## Supplied records:

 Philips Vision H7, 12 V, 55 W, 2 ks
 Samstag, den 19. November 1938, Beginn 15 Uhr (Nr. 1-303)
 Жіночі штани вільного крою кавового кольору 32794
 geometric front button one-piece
==
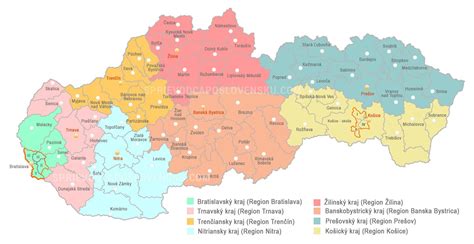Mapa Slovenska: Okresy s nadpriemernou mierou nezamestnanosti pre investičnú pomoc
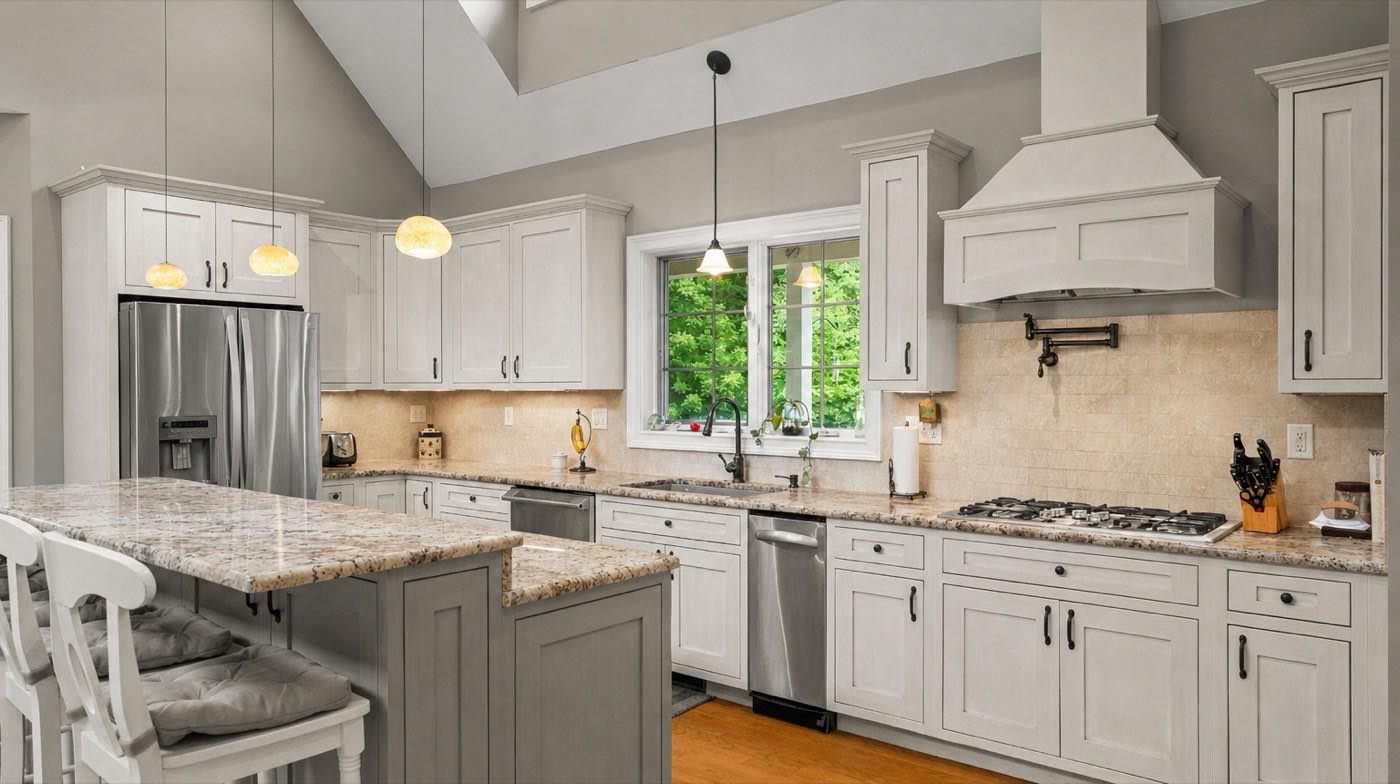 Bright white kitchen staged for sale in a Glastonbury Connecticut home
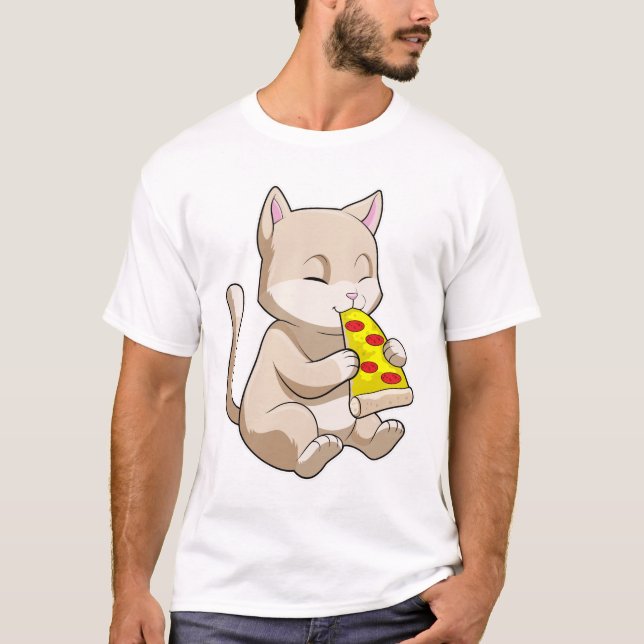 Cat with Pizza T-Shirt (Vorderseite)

## Work to complete:
Quote the listing above, but only from the line that shows "Philips Vision H7, 12 V, 55 W, 2 ks" through the line that shows "geometric front button one-piece".

## Task answer:
 Philips Vision H7, 12 V, 55 W, 2 ks
 Samstag, den 19. November 1938, Beginn 15 Uhr (Nr. 1-303)
 Жіночі штани вільного крою кавового кольору 32794
 geometric front button one-piece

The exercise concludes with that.